Outgoing Gov. Sam Brownback struggled briefly to identify a personal capstone achievement after more than six years as the chief executive officer of Kansas government.

He expressed hope during a swan-song news conference at the Capitol that his constituents would eventually recognize, despite ranking him among the nation’s least popular governors, that he contributed to small business development, expansion of technical education opportunities, prison reform and water conservation. It would be nice, he said, to be mentioned by folks hiking on dozens of miles of new Flint Hills trails.

But, in the final analysis, Brownback said his greatest contribution as governor was fierce opposition to abortion.

“We’re a pro-life state and we’re not going back,” said Brownback, reflecting on adoption of 19 anti-abortion measures that meant “a bunch of kids born that would not have been born.

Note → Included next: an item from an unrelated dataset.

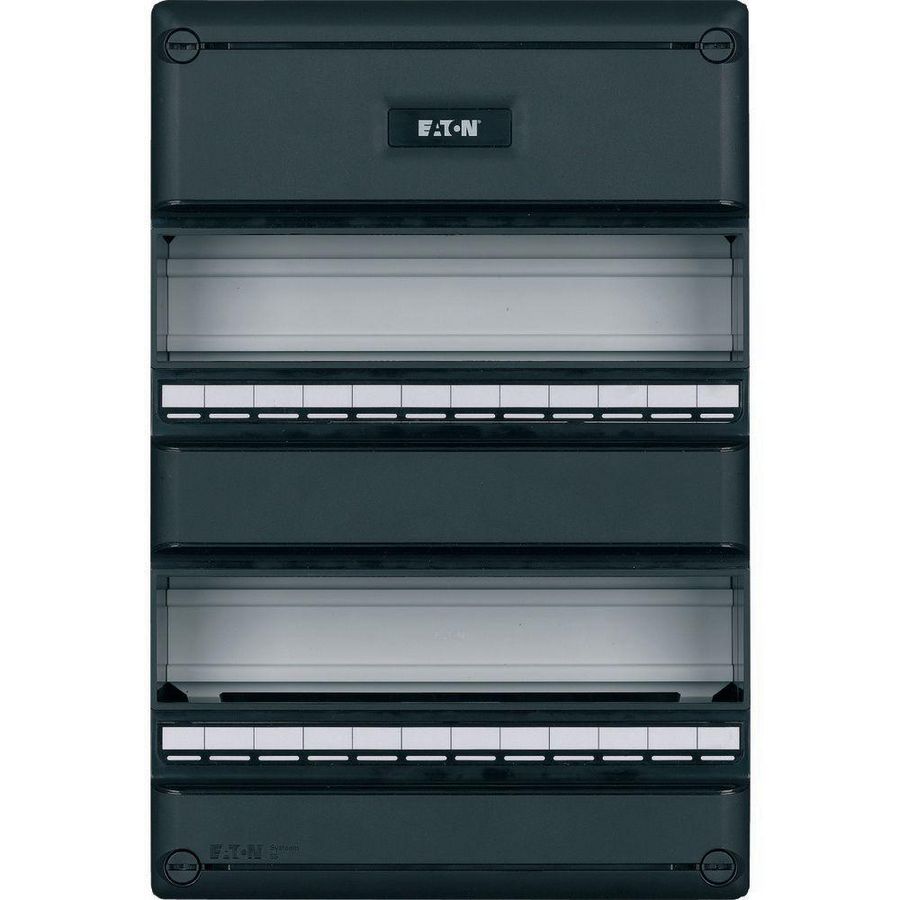 Gr.kast Systeem 55, leeg Eaton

“The inherent dignity of human life at any stage is the central issue of our day. That’s the one,” he said.

As with most analysis of the Brownback era, sharp division exists about the governor’s legacy in abortion politics.

“After he came to office, it was just an avalanche of anti-choice bills. What he calls his greatest, I’d call his worse,” said Julie Burkhart, who founded Trust Women and worked with George Tiller, the abortion physician murdered in 2009 during a Wichita church service.

Making sense of it

Brownback is prepared to resign as governor once confirmed by the U.S. Senate as ambassador of religious freedom in the administration of President Donald Trump.

He’ll turn state affairs over to Lt. Gov. Jeff Colyer, who lavished praise on the Republican governor for a lifetime of dedicated service.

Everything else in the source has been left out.